Tax on ‘drawings’ Directors of a company will normally be paid a salary and this is taxed under PAYE as for all employees. The cost of this, including the employer’s NICs, is generally an allowable expense of the company. Shareholders of the company in contrast may be rewarded by the payment of dividends on their shares. Dividends are paid out of profits after taxation. Tax Tip In most small companies the directors and shareholders are one and the same and so they can choose the most tax efficient way to pay themselves. Using dividends can result in savings in NICs. However, this requires careful planning, especially given the increase in corporation tax rates. Please talk to us to decide what is appropriate for you.

Warning - close company loans to participators A close company (which generally includes owner managed companies) may be taxed where it has made a loan or advance to individuals or their family members who have an interest or shares in the company (known as participators). The tax charge is currently 33.75% of the loan if it is outstanding over nine months after the end of the accounting period. The tax charge is repaid to the company nine months and one day after the end of the accounting period in which the loan is repaid. Further rules prevent the avoidance of the charge by repaying the loan before the payment date and then effectively withdrawing the same money shortly afterwards. This is a complex area so please do get in touch if this is an issue for you and your company.
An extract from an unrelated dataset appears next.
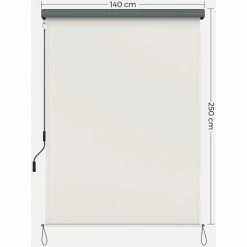 SONGMICS 1.4 X 2.5m Store Vertical Pour Balcon Terrasse Avec Coffre Gris Inérieur Ou Extérieur Paravent Pare-Soleil Brise-Vue Imperméable Toile En Beige GSA145BE - Beige -SONGMICS Soldes 11295117 5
Tax Planning Ensure that sufficient salary and dividends are drawn from the business to prevent these charges arising unnecessarily on an overdrawn director’s current account. We can also ensure that overdrawn accounts are cleared properly. Please contact us if you would like to discuss the right options for you and your business. Employer obligations As an employer you will have many responsibilities. These will include employment law requirements and the need to enrol workers into a work based pension scheme (Pensions Auto Enrolment) which are not covered in this guide. Real Time Information Real Time Information (RTI) reporting is mandatory for almost all employers. Under RTI, employers or their agents are required to make regular payroll submissions for each pay period during the year. The submissions detail salary and other employment payments made to and deductions such as income tax and NICs made from employees. These submissions must generally be made on or before the date the amounts are paid to the employees. Penalties apply to employers who fail to make returns on time. These penalties range from £100 to £400 per month depending on the size of the employer. Interest and penalties also apply for failing to pay on time. The employer must also report details of expenses and benefits provided to employees.